**Task requirements:** For this exercise, repeat the whole listing below exactly. Leave the pictures out.

--- Provided data Enclosed Below ---

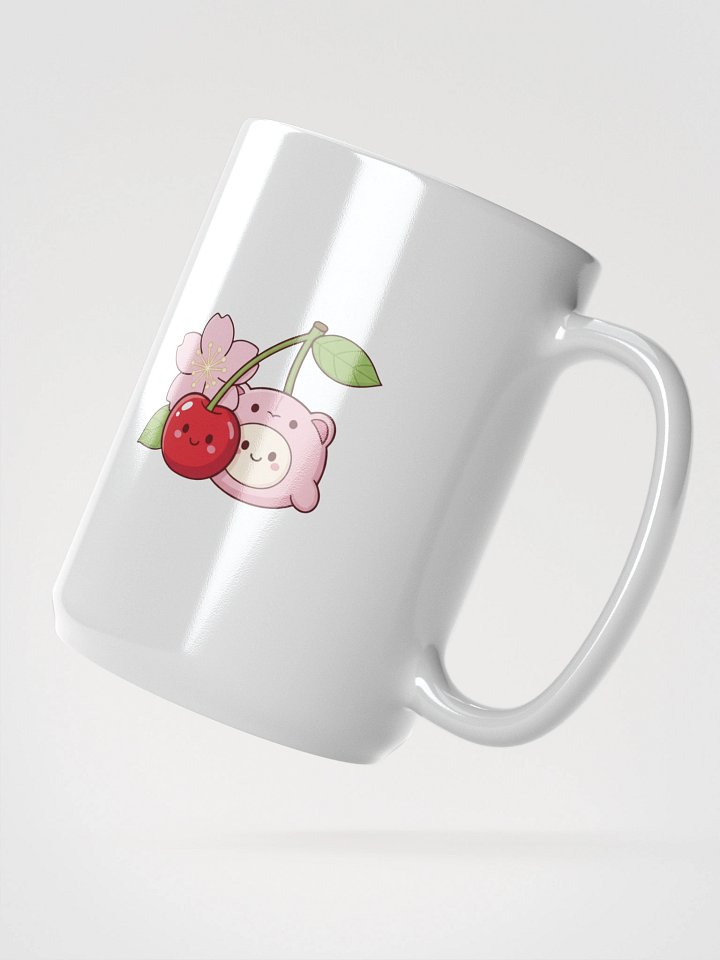 Galaxy Cherry Sakura Mug product image (2)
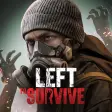 Left to Survive:Zombie Shooter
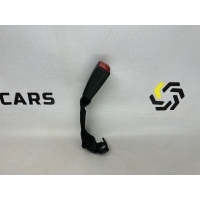 Замок ремня безопасности BMW 5 e61 72119133665
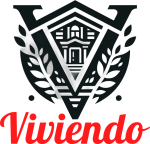 Firmenlogo vom Unternehmen Viviendo Verwaltungs GmbH aus Düsseldorf (150px)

--- End of Enclosed Provided data ---

**Written response:**
 Galaxy Cherry Sakura Mug product image (2)
 Left to Survive:Zombie Shooter
 Замок ремня безопасности BMW 5 e61 72119133665
 Firmenlogo vom Unternehmen Viviendo Verwaltungs GmbH aus Düsseldorf (150px)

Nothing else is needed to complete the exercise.